In 2015, OSHA implemented a new confined space rule for construction. This rule defines what employers are required to do to keep their employees safe from confined space hazards on the job. Understanding this rule will help you determine whether you need a confined space rescue team for your construction site.

OSHA Construction Confined Space Rule

If you’re doing construction work – such as building a new structure or upgrading an existing one – you must follow OSHA’s new construction confined space rule. It applies to all construction employers whose workers may be exposed to confined space hazards on the job. In a nutshell, employers are required to determine what kinds of spaces their employees are working in, what hazards they could be exposed to, how the hazards can be made safe, and how to rescue the employees should anything go wrong.
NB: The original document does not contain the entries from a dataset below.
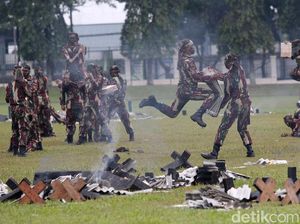 Berbagai Atraksi Meriahkan Sertijab Danjen Kopassus Berbagai Atraksi Meriahkan Sertijab Danjen Kopassus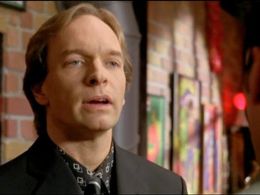 Latham Gaines in Power Rangers DinoThunder (2004)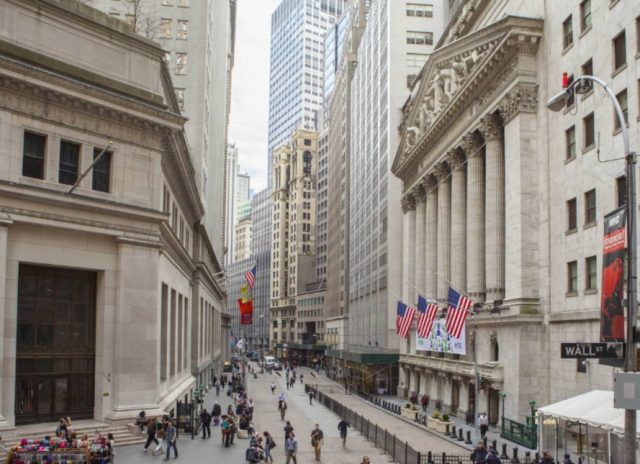 Imagen: Inmediaciones de la Bolsa de Nueva York, 8 de noviembre (Imagen: Especial)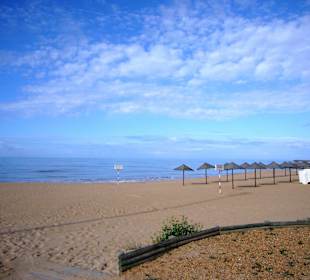 Quarteira: Strand mit Sonnenschirmen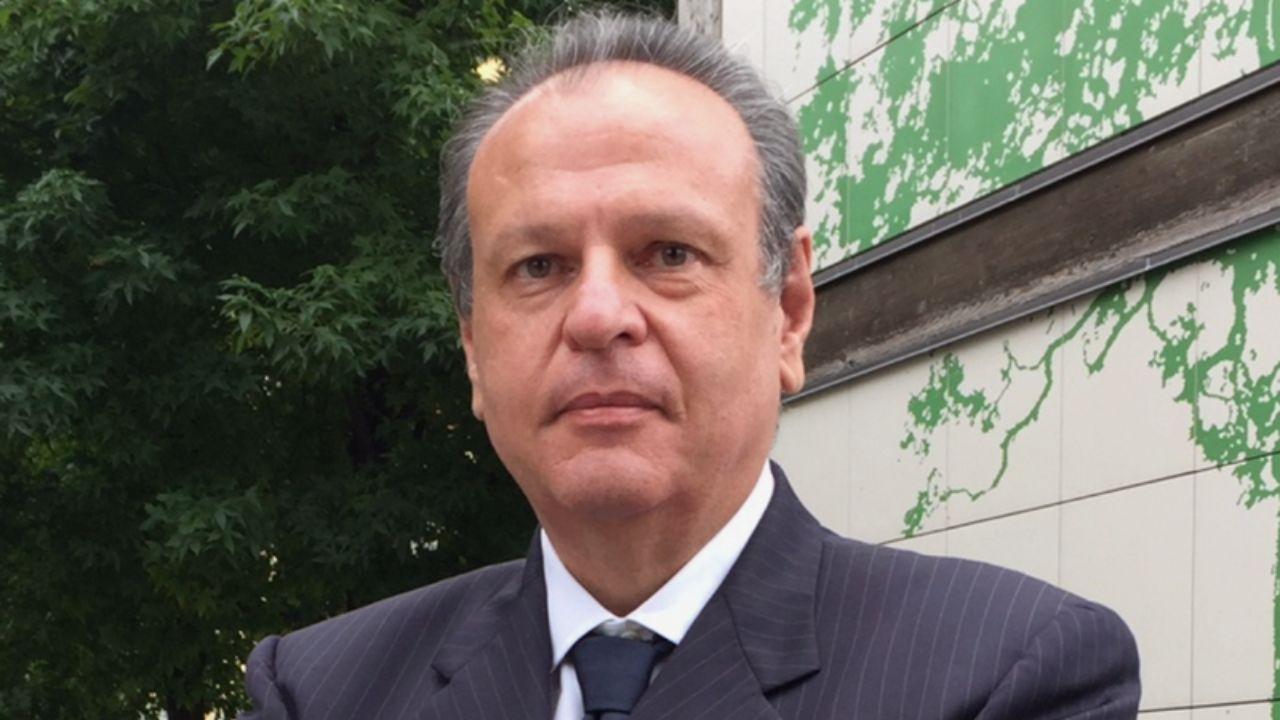 
	Carlo Mearelli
We’ll dive into some of the details below.

Read the complete construction confined space rule here.

Identification of Confined Spaces and Permit Spaces

One of the requirements of this new construction confined space rule is that before any work begins, a competent person must identify all confined spaces on a worksite and evaluate whether each space is a Permit Required Confined Space (Permit Space for short). If there are any Permit Spaces on the worksite that a worker will be asked to enter, the employer must provide the worker with appropriate training, implement a written Permit Space Program, and possibly employ the services of a Confined Space Rescue Team.

How Do You Determine a Permit Space?

OSHA defines a confined space as having three traits – the space is large enough for workers to enter and perform assigned jobs, there are limited or restricted means for entry and exit, and the space is not designed for continuous occupancy. A confined space becomes a Permit Space when it meets any one of the following criteria:

  • It has actual or potential for a hazardous atmosphere
  • It contains a material that has the potential for engulfing an entrant
  • It has an internal configuration that could trap an entrant
  • It contains any other recognized serious safety or health hazard

Some examples of possible Permit Spaces on a construction site include (but are not limited to):

  • Bins
  • Boilers
  • Pits (elevator, escalator, pump, valve, other equipment)
  • Manholes (sewer, storm drain, electrical, communication)
  • Tanks (fuel, chemical, water, liquid, solid, gas)
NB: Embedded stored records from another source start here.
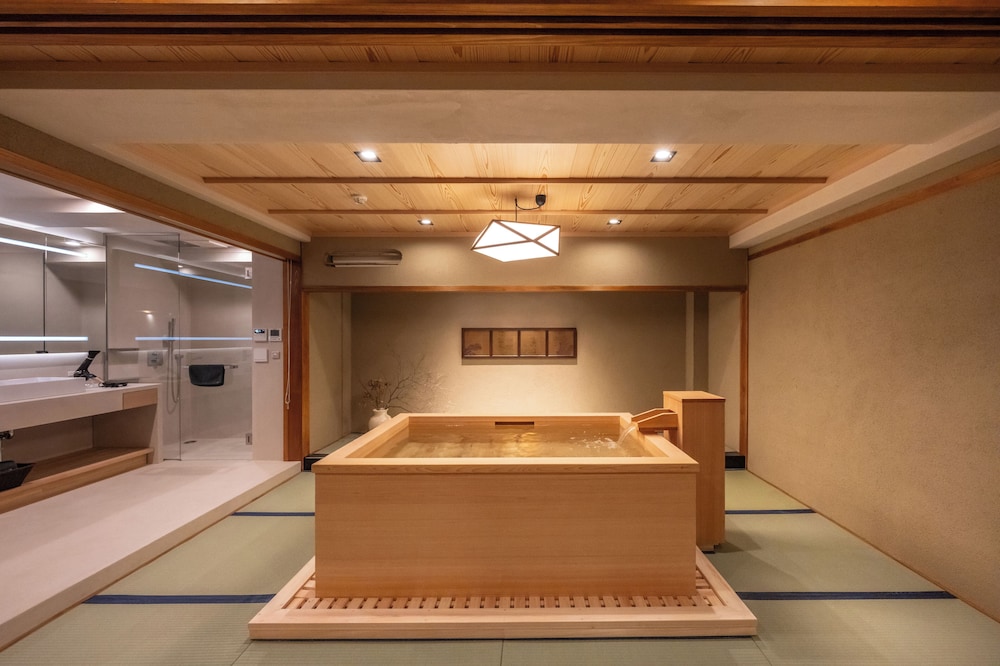 Nazuna Kyoto Nishi Honganji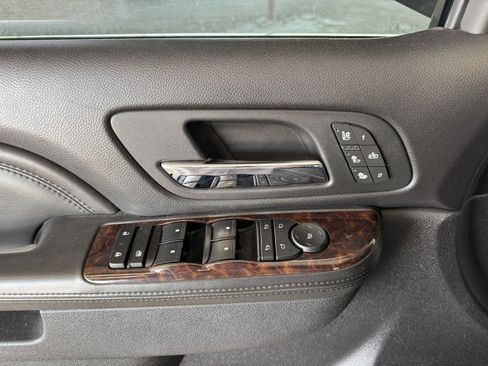 Used 2012 GMC Yukon Denali image 24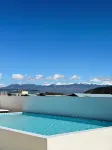 Chantia·Left Bank | French Designer Hotel (Dukezong Ancient Town Giant Buddha Prayer Wheel Shop)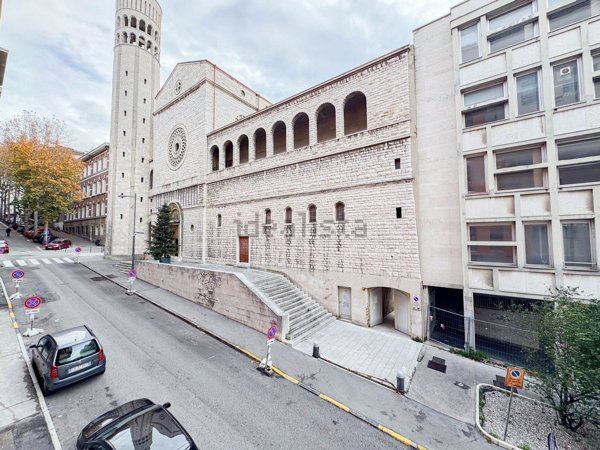 appartamento in vendita a Trieste in zona Borgo Teresiano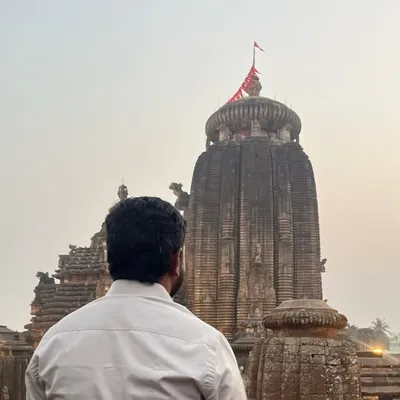 Yerrawar Abhishek profile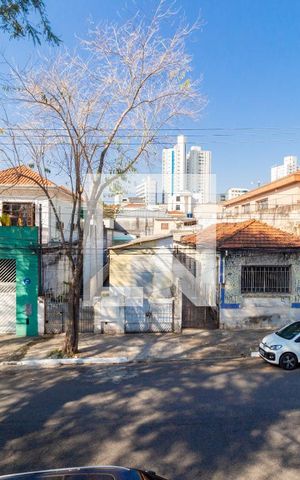 Casa à venda com 240m², 5 quartos e 3 vagas Casa à venda com 240m², 5 quartos e 3 vagasVista - Quarto 1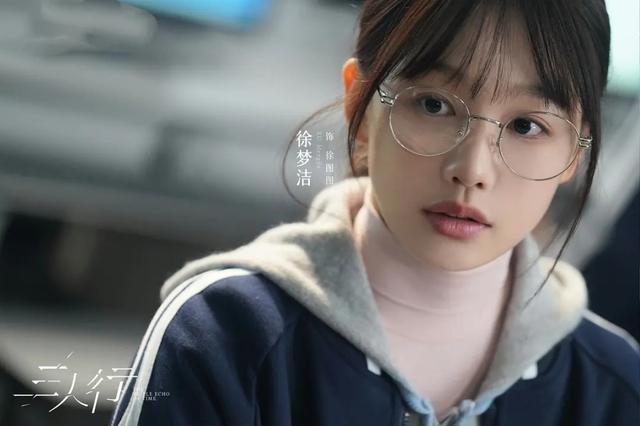 播6集，夺热榜第一，不愧是你们盼了一整年的黑马悬疑剧！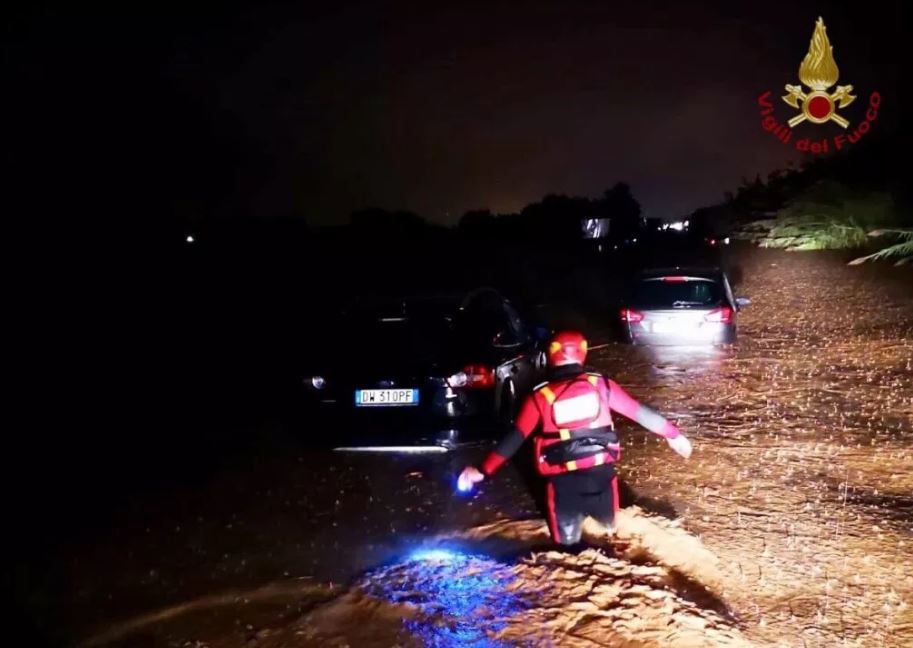 vigili del fuoco maltempo in calabria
Check out our recent blog post for more information on confined space vs. permit space, along with more information on the employer requirements for a permit space.
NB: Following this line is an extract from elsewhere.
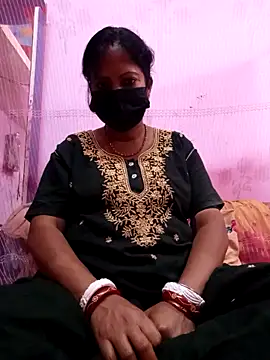 Snapshot of Hot_Rupa5225 chatting on March 28, 2026, 6:07 pm Hot Rupa5225 online show from March 28, 2026, 6:07 pm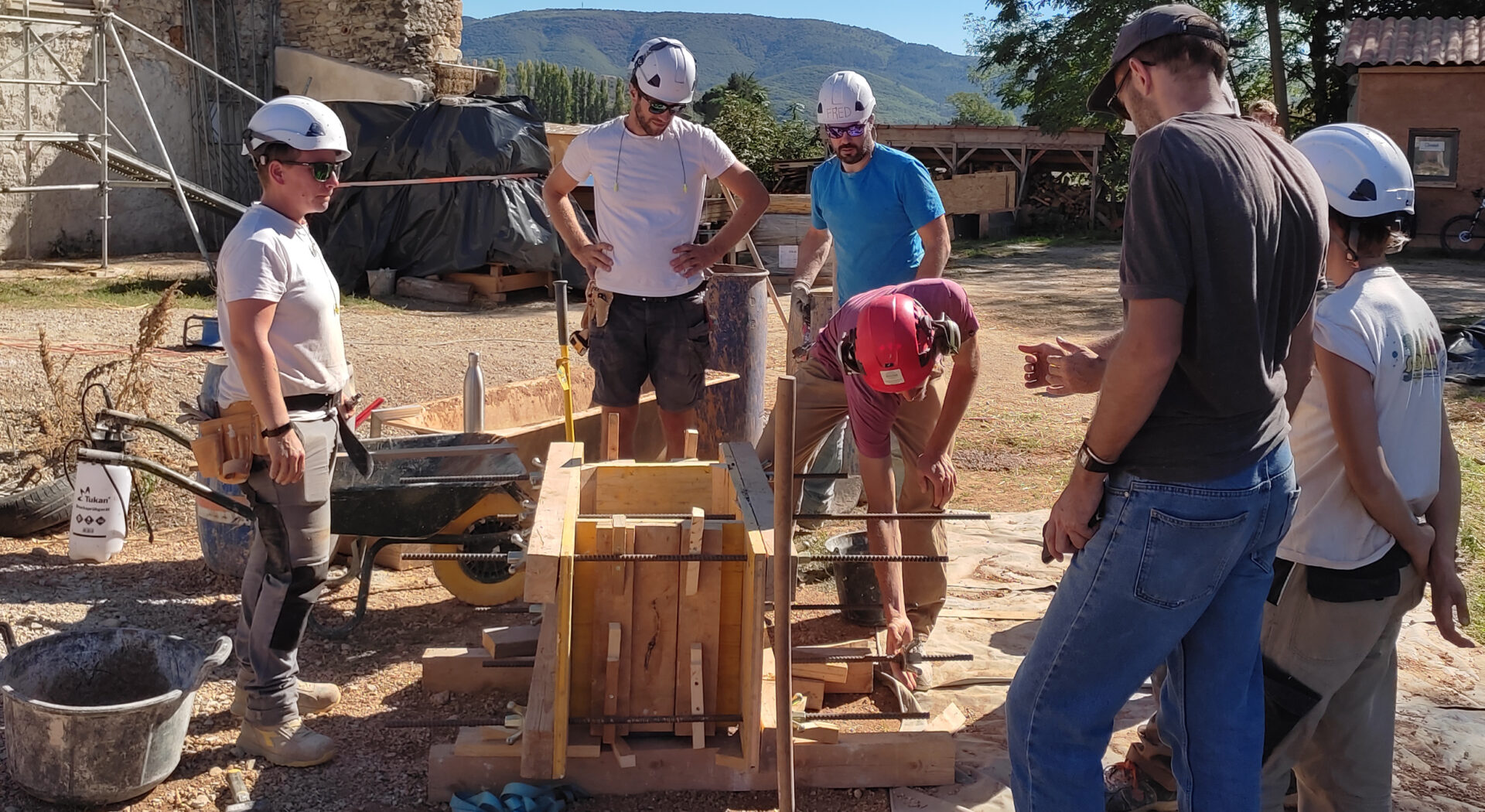 TC. Maçonnerie en terre crue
Do I need a Confined Space Rescue Team for a Permit Space?

If you’ve identified a Permit Space on your new construction worksite and you intend to authorize one or more employees to enter it, OSHA may require you to have a Confined Space Rescue Team. How do you know whether you’re required to have one? As we mentioned in our blog post on the topic, the simplest way to know whether you need one is by asking yourself this question: “If the person inside the space were to become unconscious, could I remove them safely without entering the space?” If the answer is no, you’re required to have a Confined Space Rescue Team either on-site or on standby.

What are Confined Space Rescue Teams?

Confined Space Rescue Teams provide the necessary equipment, training, and experience to rescue your employee from a Permit Space, should something go wrong. Some local fire departments are able to perform confined space rescues, but that’s not always the case. Before assuming you can rely on your local fire department for these services, you should contact them to assess their training, equipment, and availability. If they are unable to service all your needs, a Confined Space Rescue Team must be hired.